Variable Clustering — CorrVarClus

Groups features by correlation structure to identify redundant predictors before fitting a logistic regression.

Algorithm

Drop zero-variance columns
Hierarchical clustering with metric="correlation", method="average"
Cut the dendrogram at max_correlation (or max_clusters)
Rank features within each cluster by absolute Gini (descending)

best_features() returns the top-ranked feature per cluster.

Basic usage

import numpy as np
import polars as pl
from datasci_toolkit import CorrVarClus

rng = np.random.default_rng(0)
N = 800

# Group 1: f0, f1, f2 — strongly correlated
f0 = rng.normal(0, 1, N)
f1 = f0 + rng.normal(0, 0.2, N)
f2 = f0 + rng.normal(0, 0.3, N)

# Group 2: f3, f4 — correlated with each other, not with group 1
f3 = rng.normal(0, 1, N)
f4 = f3 + rng.normal(0, 0.2, N)

# Noise
f5 = rng.normal(0, 1, N)

logit = 1.2 * f0 + 0.8 * f3 + 0.1 * f5
y = (1 / (1 + np.exp(-logit)) > rng.uniform(size=N)).astype(float)

X = pl.DataFrame({
    "f0": f0.tolist(), "f1": f1.tolist(), "f2": f2.tolist(),
    "f3": f3.tolist(), "f4": f4.tolist(), "f5": f5.tolist(),
})
y_s = pl.Series(y.tolist())

cc = CorrVarClus(max_correlation=0.5).fit(X, y_s)
print(cc.best_features())  # → ['f0', 'f3', 'f5']  (one per cluster)

Cluster table

print(cc.cluster_table_.sort(["cluster", "rank"]))
# columns: feature, cluster, gini, rank

rank=1 is the best feature in each cluster by absolute Gini.

Dendrogram

cc.plot_dendrogram()
# The dashed line shows the max_correlation cut

Save to file:

cc.plot_dendrogram(output_file="dendrogram.png", show=False)

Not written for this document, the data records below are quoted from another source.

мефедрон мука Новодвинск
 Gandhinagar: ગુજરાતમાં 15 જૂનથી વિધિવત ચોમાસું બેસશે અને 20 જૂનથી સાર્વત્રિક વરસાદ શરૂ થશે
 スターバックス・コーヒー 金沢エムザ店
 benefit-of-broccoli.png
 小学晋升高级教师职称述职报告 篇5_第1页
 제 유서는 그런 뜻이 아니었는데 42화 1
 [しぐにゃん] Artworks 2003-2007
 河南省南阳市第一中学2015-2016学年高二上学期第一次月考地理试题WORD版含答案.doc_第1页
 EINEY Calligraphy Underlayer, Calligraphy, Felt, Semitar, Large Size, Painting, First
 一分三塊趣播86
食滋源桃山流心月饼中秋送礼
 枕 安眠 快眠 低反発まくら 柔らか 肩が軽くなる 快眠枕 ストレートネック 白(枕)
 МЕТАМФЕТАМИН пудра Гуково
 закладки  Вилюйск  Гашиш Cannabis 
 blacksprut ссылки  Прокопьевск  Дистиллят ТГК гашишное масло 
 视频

Controlling cluster granularity

By correlation threshold (lower = more clusters):

cc_strict = CorrVarClus(max_correlation=0.2).fit(X, y_s)
print(len(cc_strict.cluster_table_["cluster"].unique()), "clusters")

By count (hard cap):

cc_3 = CorrVarClus(max_clusters=3).fit(X, y_s)
print(cc_3.best_features())

Full workflow with model selection

from datasci_toolkit import CorrVarClus, AUCStepwiseLogit

# Step 1: cluster to remove redundancy
cc = CorrVarClus(max_correlation=0.5).fit(X_woe, y_train)
candidates = cc.best_features()

# Step 2: stepwise selection from the reduced candidate set
model = AUCStepwiseLogit(
    max_predictors=8,
    max_correlation=0.8,
).fit(
    X_woe.select(candidates), y_train,
    X_val=X_val_woe.select(candidates), y_val=y_val,
)
print("Final predictors:", model.predictors_)

Parameters

Parameter	Default	Description
`max_correlation`	`0.5`	Dendrogram cut height — features correlated above this are in the same cluster
`max_clusters`	`None`	Hard cap on number of clusters (overrides `max_correlation`)
`sample`	`0`	Subsample rows before clustering for large datasets (0 = use all)